En ocasiones, tienes una gran idea. Una idea grandiosa, te lo parezca o no en el mismo momento de tenerla. Vista en perspectiva unas horas después, o quizá al encontrártela de nuevo dentro de dos meses, te darías cuenta de que lo es. Pero casi siempre, esas grandes ideas se quedan en oportunidades perdidas.
Puede ocurrirte mientras caminas durante ese largo paseo que das cada día, mientras estás en la ducha o mientras conduces. Puede aparecer de la nada, o disparada por cualquier cosa que acabas de ver, escuchar o sentir.
Esa idea, por sí sola y con el apoyo de tu compromiso por convertirla en algo más, podría ser determinante en el transcurso de tu vida. Podría ser el germen de algo que lo cambia todo.

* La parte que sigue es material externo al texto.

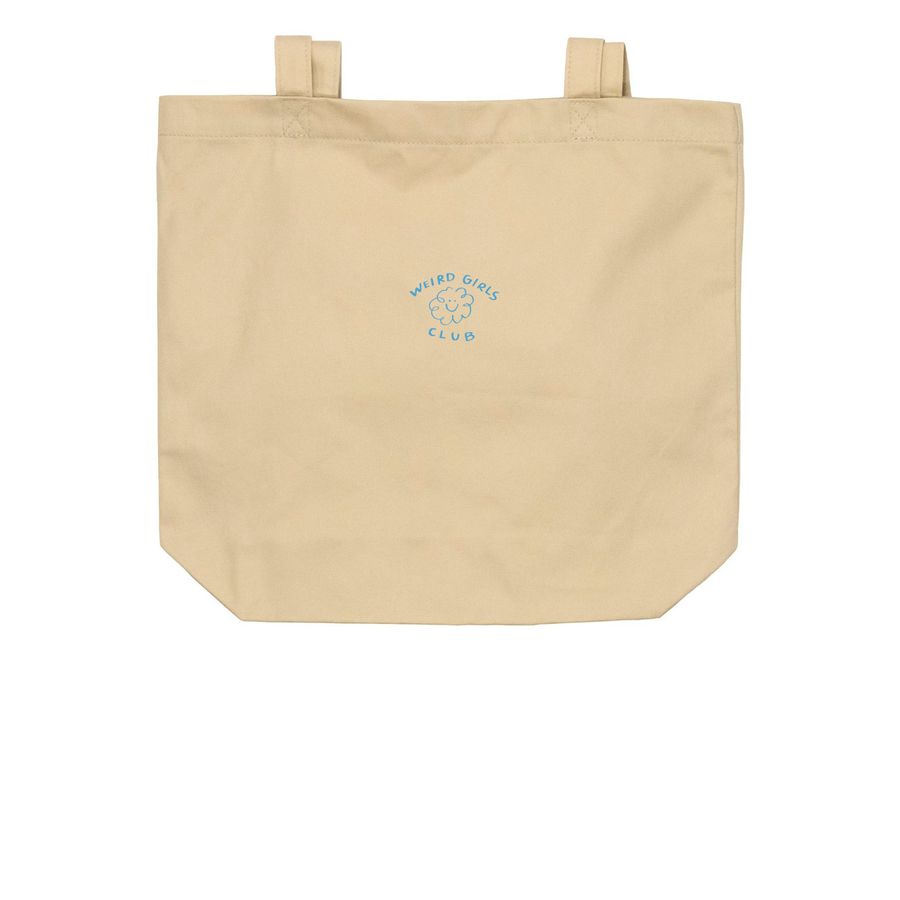 Weird Girls Club: Tiny Puff Bag, a Oyster Organic Cotton Tote Bag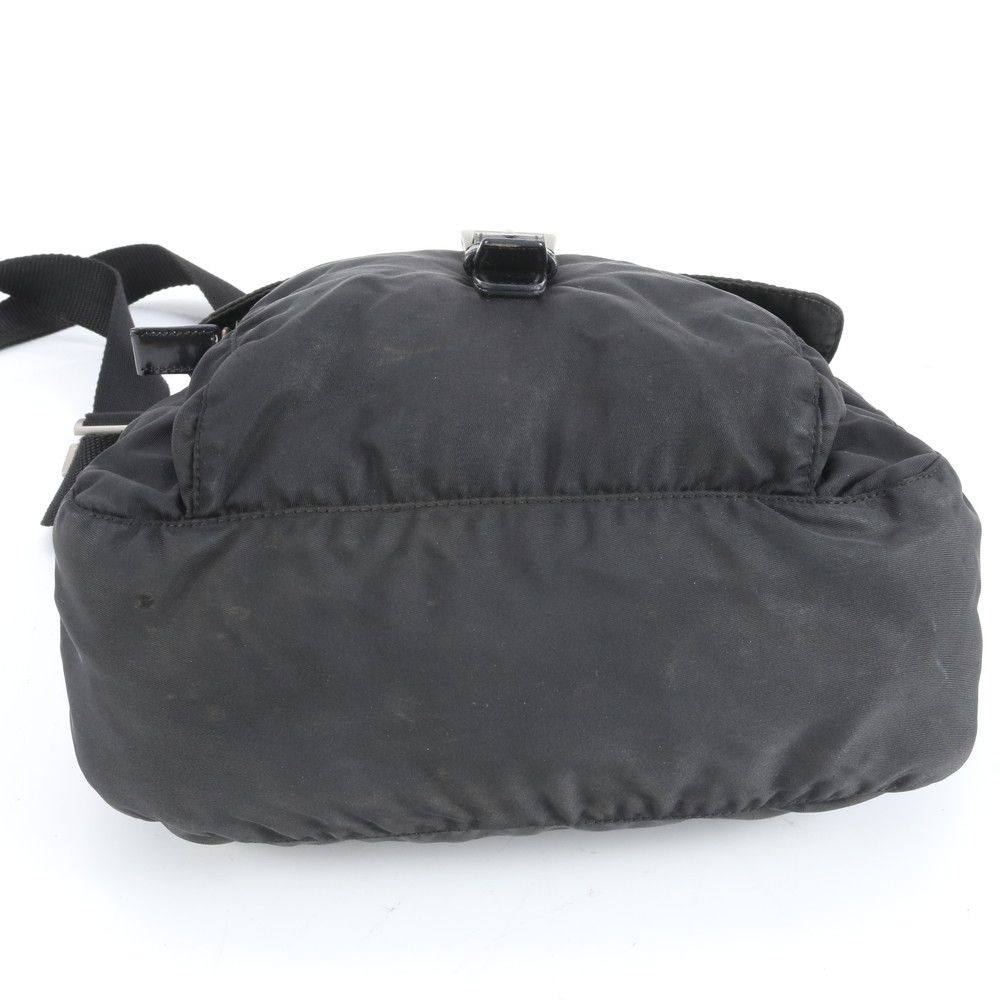 極美品 プラダ テスート ナイロン レザー ショルダーバッグ 斜め掛け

Durante un instante, piensas en ella. Cientos de nuevas ideas nacen a partir de ese pensamiento, inundan tu mente. Modos de llevarla a cabo, posibles inconvenientes que podrían darse y formas de rodearlos, e incluso cómo sentirías que eso se materialice y ese germen termine por convertirse en un rotundo éxito.
Sin embargo, si no haces nada más todo se esfuma. En este preciso instante no eres consciente de ello, tu mente está demasiado ocupada generando, saboreando y disfrutando. Pero todo lo que generas, saboreas y disfrutas no irá más allá de un momento de alta actividad cognitiva y pasión emocional de entre tantos que se han dado en tu vida. Han existido por millares, pero apenas alcanzarías a recordar un par de ellos.
Es necesario que la atrapes, que la plasmes de un modo en que ya nunca pueda dejar de ser tuya. Las mejores ideas de tu vida son aquellas con las que no has hecho nada. Hubieran cambiado tu vida por completo, cada una de un modo diferente. Pero lo que cambia tu vida es lo que haces y no lo que piensas.
Tu vida no ha cambiado porque para ello se precisa más que una idea, y nunca han dejado de serlo. En realidad, tus mejores ideas no son estas, sino aquellas con las que haces algo. Estas ideas simplemente se quedan en oportunidades perdidas que hoy ya nadie recuerda.